◆ Excerpted data ◆
┄┄┄┄┄┄┄┄┄┄

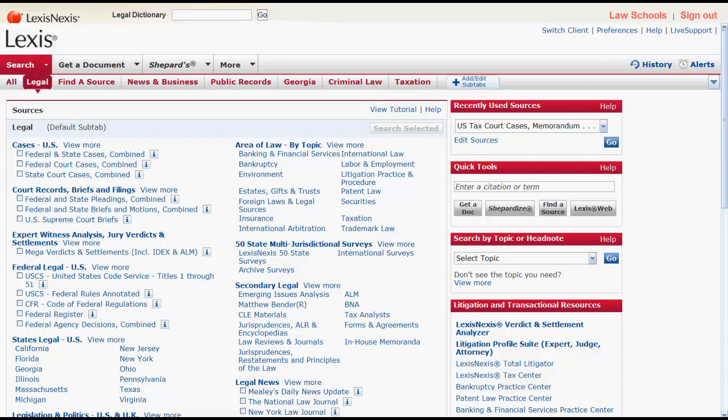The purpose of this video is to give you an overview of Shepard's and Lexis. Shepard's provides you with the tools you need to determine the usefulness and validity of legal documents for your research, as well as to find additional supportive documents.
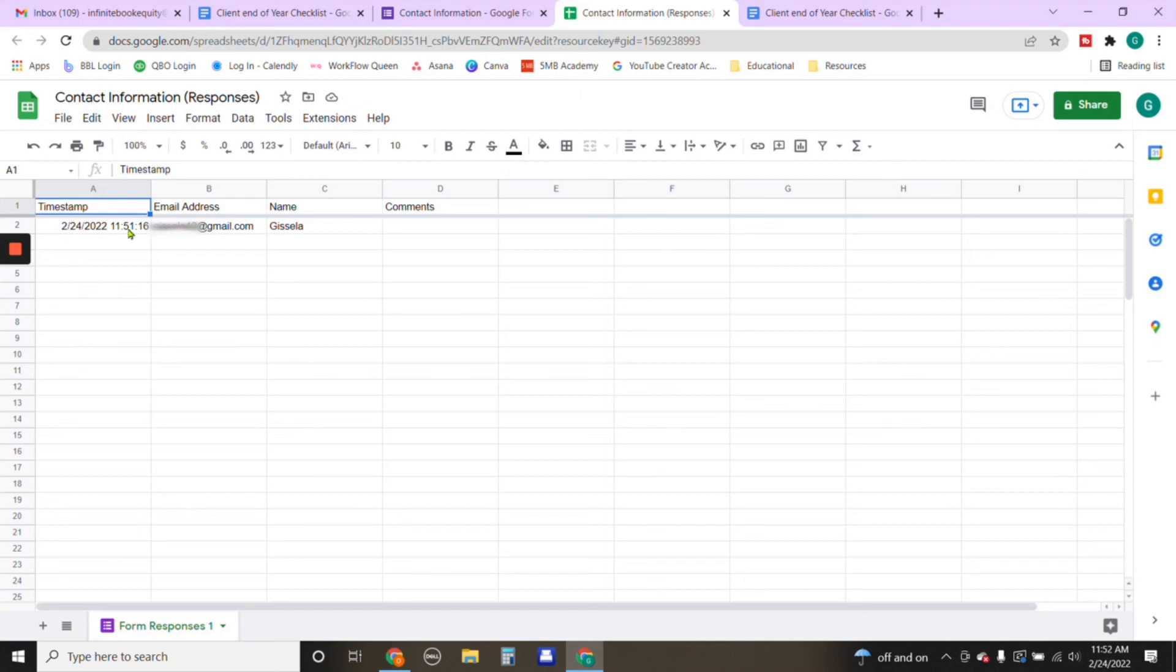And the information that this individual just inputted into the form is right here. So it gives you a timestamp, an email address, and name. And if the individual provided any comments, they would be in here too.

┄┄┄┄┄┄┄┄┄┄

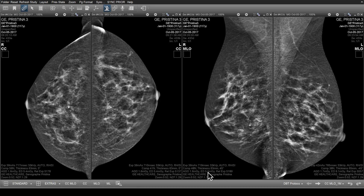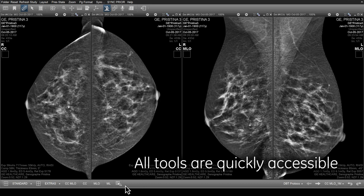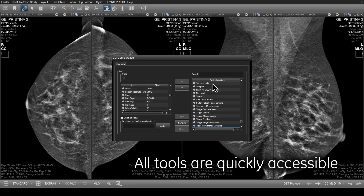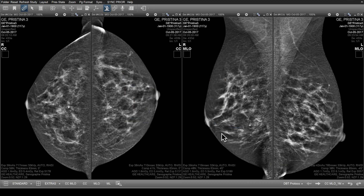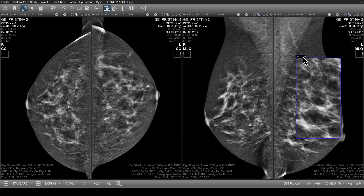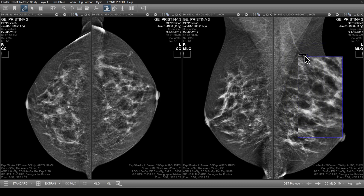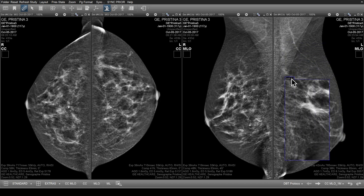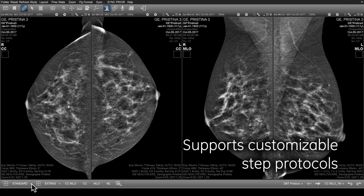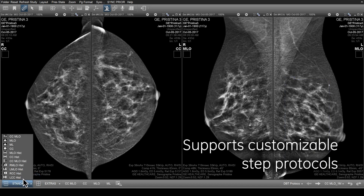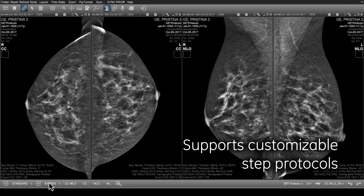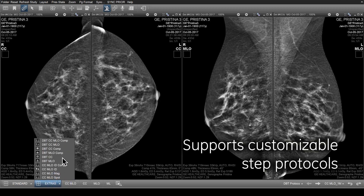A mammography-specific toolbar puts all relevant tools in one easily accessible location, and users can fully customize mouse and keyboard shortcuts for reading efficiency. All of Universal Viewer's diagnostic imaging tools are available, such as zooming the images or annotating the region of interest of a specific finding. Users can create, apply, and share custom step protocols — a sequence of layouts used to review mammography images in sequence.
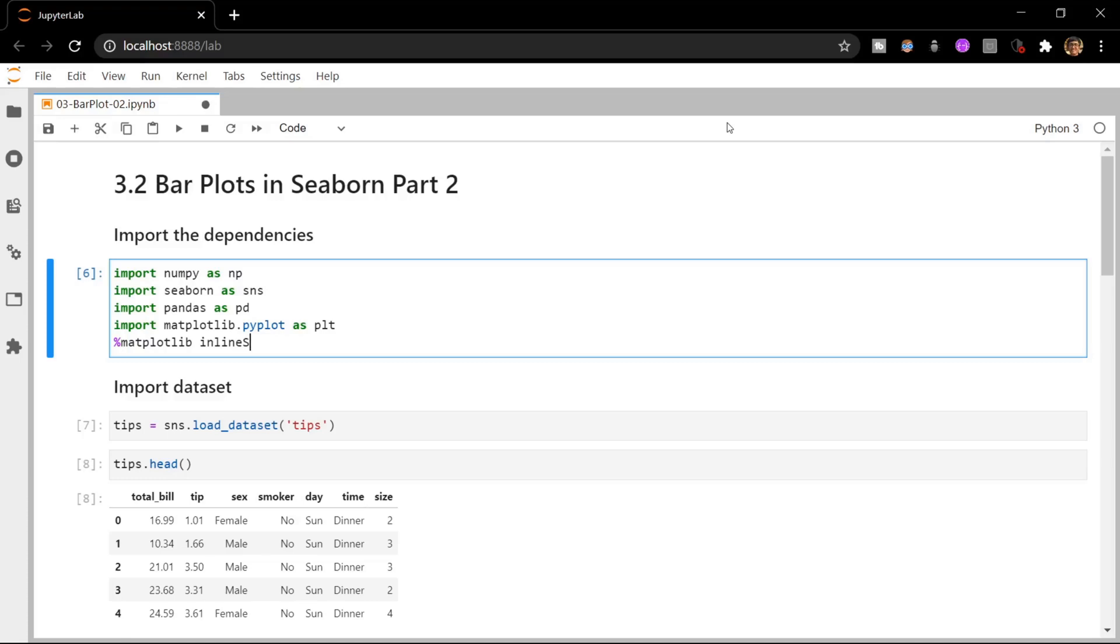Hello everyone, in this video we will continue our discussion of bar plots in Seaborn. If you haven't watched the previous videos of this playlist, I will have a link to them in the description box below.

┄┄┄┄┄┄┄┄┄┄

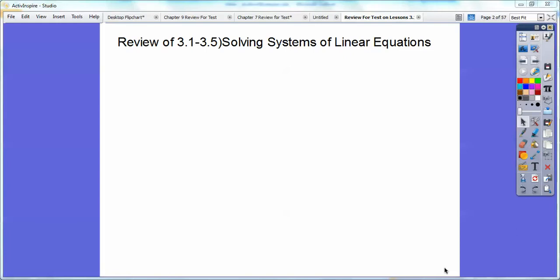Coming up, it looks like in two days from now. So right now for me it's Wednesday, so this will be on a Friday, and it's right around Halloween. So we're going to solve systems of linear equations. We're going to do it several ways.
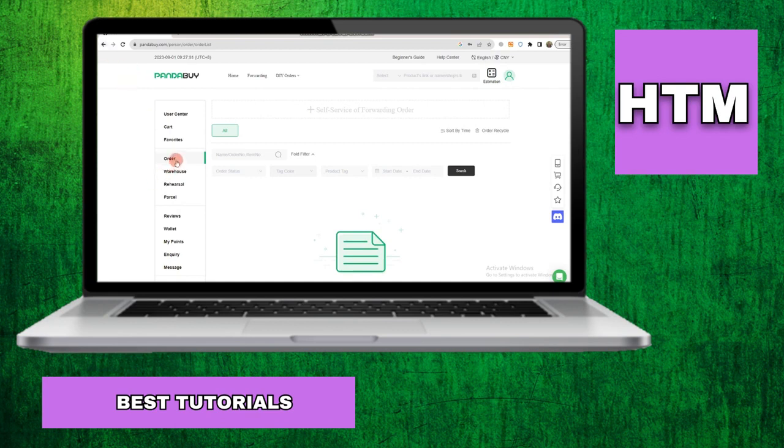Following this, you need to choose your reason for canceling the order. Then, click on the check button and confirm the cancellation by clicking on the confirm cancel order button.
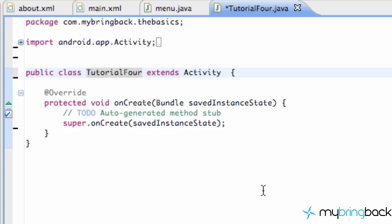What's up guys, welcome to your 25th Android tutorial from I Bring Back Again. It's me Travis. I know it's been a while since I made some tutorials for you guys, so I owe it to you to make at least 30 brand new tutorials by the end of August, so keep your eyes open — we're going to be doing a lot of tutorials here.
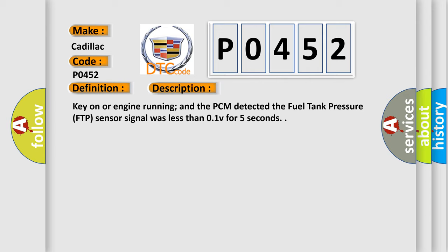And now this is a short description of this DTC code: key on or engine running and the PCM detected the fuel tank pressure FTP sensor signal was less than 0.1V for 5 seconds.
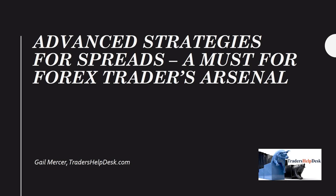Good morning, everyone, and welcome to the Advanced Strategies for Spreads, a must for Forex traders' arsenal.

┄┄┄┄┄┄┄┄┄┄

◆ What is needed ◆
Your answer must be everything above from the line with "The purpose of" down to the line with "And the information", word for word, and no pictures.

◆ Result of the task ◆
The purpose of this video is to give you an overview of Shepard's and Lexis. Shepard's provides you with the tools you need to determine the usefulness and validity of legal documents for your research, as well as to find additional supportive documents.
And the information that this individual just inputted into the form is right here. So it gives you a timestamp, an email address, and name. And if the individual provided any comments, they would be in here too.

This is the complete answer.